Yields matter because lenders don't keep the mortgage they originate on their books for long. Instead, in order to free up money to keep originating more loans, lenders sell their mortgages to entities like Freddie Mac and Fannie Mae. These mortgages are then packaged into what are called mortgage-backed securities and sold to investors. Investors will only buy if they can earn a bit more than they can on the government notes.

Your individual qualifications will also impact the rate you are offered, as will the loan-to-value ratio (LTV). The LTV of your property is one way lenders assess the amount of risk posed by approving a loan and is calculated by dividing the maximum loan amount you qualify for by the appraised home value.

Shopping around for the best mortgage rate can mean a lower rate and big savings. On average, borrowers who get a rate quote from one additional lender save $600 over the life of the loan, according to Freddie Mac. That number goes up to $1,200 if you get three quotes. A larger down payment amount will also result in a lower interest rate.

The best mortgage lender for you will be the one that can give you the lowest rate and the terms you want. Your local bank or credit union is one place to look. Online lenders have expanded their market share over the past decade and promise to get you pre-approved within minutes.

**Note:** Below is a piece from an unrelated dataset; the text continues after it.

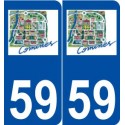 59 Comines logo autocollant plaque stickers ville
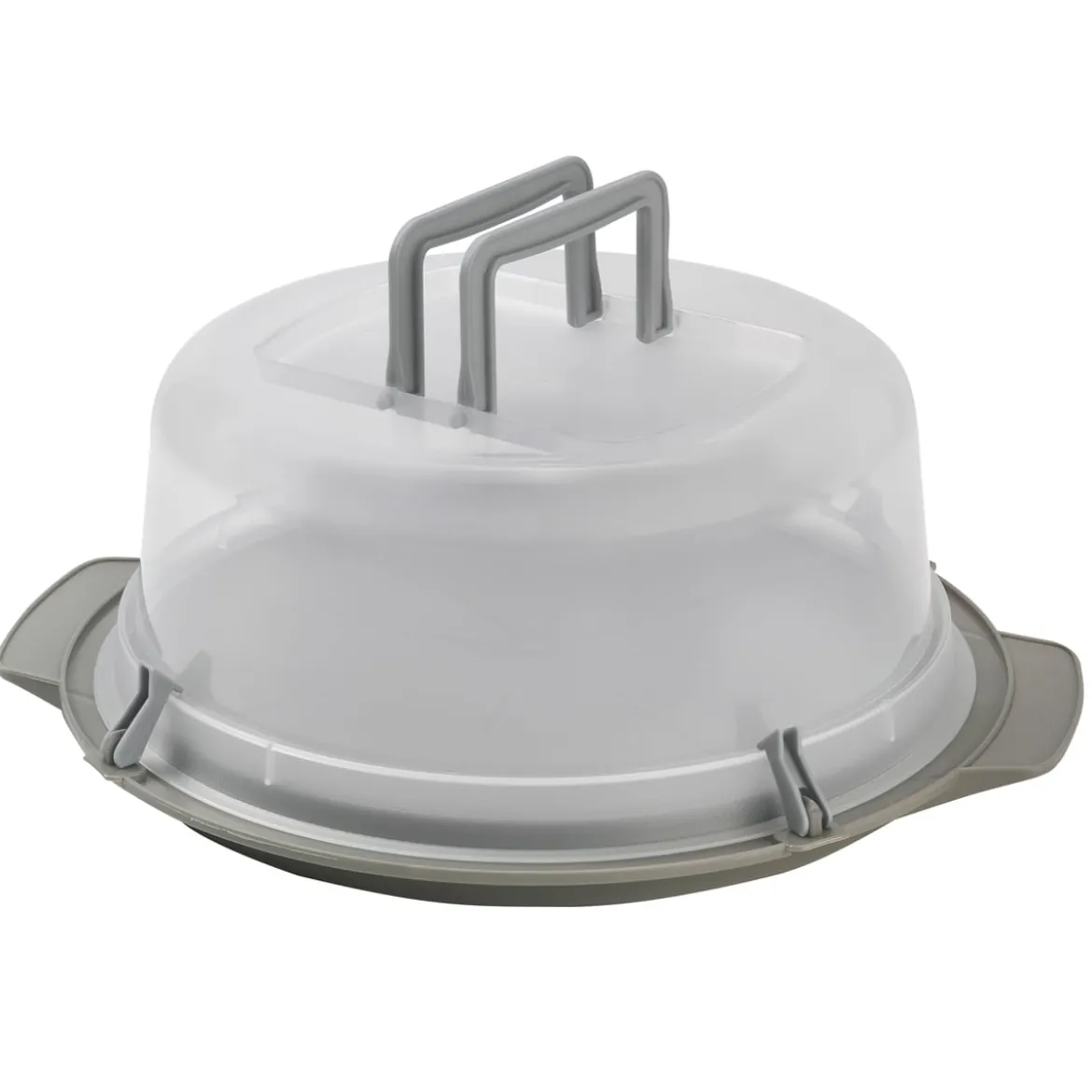Porta Tartas Plástico C/Tapa Gris 36Cm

Shop around to compare loan options, rates and terms, and make sure your lender has the type of mortgage you need. Not all lenders write FHA loans, USDA-backed mortgages or VA loans, for example. If you're not sure about a lender's credentials, ask for its NMLS number and search for online reviews.

Borrowers often mix up interest rates and annual percentage rates (APR). That's understandable since both rates refer to how much you'll pay for the loan. While similar in nature, the terms are not synonymous.

An interest rate is what a lender will charge on the principal amount being borrowed. Think of it as the basic cost of borrowing money for a home purchase.

An APR represents the total cost of borrowing money and includes the interest rate plus any fees, associated with generating the loan. The APR will always be higher than the interest rate.

For example, a $300,000 loan with a 3.1% interest rate and $2,100 worth of fees would have an APR of 3.169%.

When comparing rates from different lenders, look at both the APR and the interest rate. The APR will represent the true cost over the full term of the loan, but you'll also need to consider what you're able to pay upfront versus over time.

You may have a higher-than-average mortgage rate for a number of reasons. Credit scores, loan terms, interest rate types (fixed or adjustable), down payment size, home location and loan size will all affect the rate offered to individual home shoppers. One of the best ways to lower your rate is to improve your credit score.

Different mortgage lenders offer different rates. It's estimated that about half of all buyers only look at one lender, primarily because they tend to trust referrals from their real estate agent. But shopping around for a lender will help you snag the lowest rate out there.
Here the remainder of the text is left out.